Galileo goes a step further by acting as a collaborative system
of record for the data scientist's training runs, bringing transparency towards
how specific data and model parameter changes impact overall performance - this
is key for ML teams to truly be data-driven.
"The motivation for Galileo came from our personal experiences
at Apple, Google and Uber AI and from conversations with hundreds of ML teams
working with unstructured data where we noticed that, while they have a long
list of model-focused MLOps tools to choose from, the biggest bottleneck and
time sink for high quality ML is always around fixing the data they work with.
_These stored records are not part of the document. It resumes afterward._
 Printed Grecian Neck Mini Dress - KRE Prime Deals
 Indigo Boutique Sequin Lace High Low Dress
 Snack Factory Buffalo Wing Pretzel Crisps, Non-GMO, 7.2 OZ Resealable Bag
This is critical, but prohibitively manual, ad-hoc and slow, leading to poor
model predictions and avoidable model biases creeping into production for the
business," said Vikram Chatterji, co-founder and CEO of Galileo. "With
unstructured data across the enterprise being generated at an unprecedented
scale and now rapidly leveraged for ML, we are building Galileo with the goal
of being the intelligent data bench for data scientists to systematically and
quickly inspect, fix and track their ML data in one place."
Galileo Founded
by Engineering Leaders from Apple Google and Uber AI
The co-founding team at Galileo spent more than a decade building ML products
where they faced the huge challenges that ML with unstructured data present
first-hand.
- Vikram Chatterji (CEO) led product management at Google
AI where his team worked on building models with unstructured data but
spent weeks analyzing the data across the ML workflow, often using Google
sheets and scripts. This was a massive under-utilization of an expensive
resource (the data scientist) and led to poor model outcomes due to ad-hoc
tooling.
- Atindriyo Sanyal (CTO) led engineering at Uber AI
(Michelangelo) where he was a co-architect of Uber's feature store and
spearheaded company-wide ML data quality tooling, leading to huge
prediction performance improvements across thousands of production models.
He was also an early member of the Siri team at Apple where he built
foundational infrastructure for better ML data management.
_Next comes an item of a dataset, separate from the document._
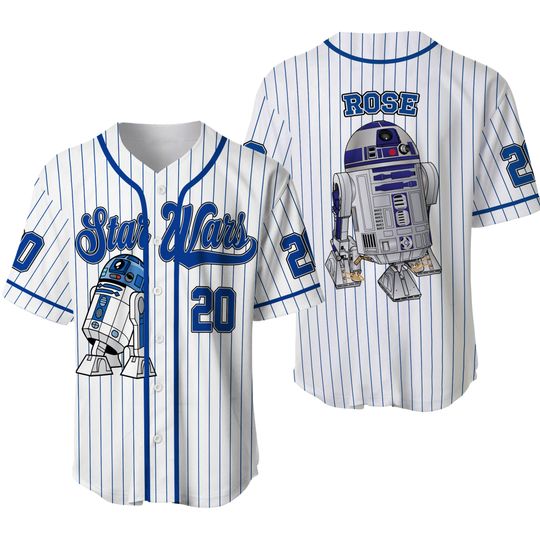Discover Personalized Starr Warss Astromech Droid R2-D2 Baseball Jersey, Custom Starr Warss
- Yash Sheth (VP of Engineering) led the speech recognition
platform team at Google. He was instrumental in growing speech recognition
800x across more than 20 consumer products at Google and across thousands
of businesses globally through their cloud speech API.
Galileo Focused
on Data-Driven ML Research
Half of the Galileo team comprises researchers from Apple, Google and Stanford
AI who are focused on pushing the envelope of data-centric research that is
then baked into the Galileo platform for any ML team to leverage. The other
half of the team is focused on building novel systems that can perform
extremely low latency in-memory computations on millions of data points using
minimal system resources. This combination allows Galileo customers to get
quick, intelligent data insights throughout the entire ML workflow.
Galileo Raises
$5.1 Million in Seed Funding
Today Galileo also announced that it has raised $5.1 million in seed funding.
The Factory led the round and Anthony Goldbloom (co-founder and CEO at Kaggle)
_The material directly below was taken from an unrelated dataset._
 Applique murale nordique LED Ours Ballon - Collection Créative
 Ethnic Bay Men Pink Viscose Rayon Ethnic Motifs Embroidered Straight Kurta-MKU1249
and other angel investors also participated. Company advisers include Amy Chang
(Disney, P&G board member) and Pete Warden (one of the creators of
TensorFlow).
"Finding and fixing data errors is one of the biggest
impediments for effective ML across the enterprise. The founders of
Galileo felt this pain themselves while leading ML products at Apple, Google
and Uber," said Andy Jacques, investor at The Factory and Galileo board member.
"Galileo has built an incredible team, made product innovations across the
stack and created a first of its kind ML data intelligence platform. It has
been exciting to see rapid market adoption and positive reactions with one of
the customers even calling the product ‘magic'!"
The company plans to use the funding to hire across all
departments and accelerate research and development to meet the demand of the
industry for a purpose-built product to find and fix ML data blind spots across
the workflow while working with unstructured data.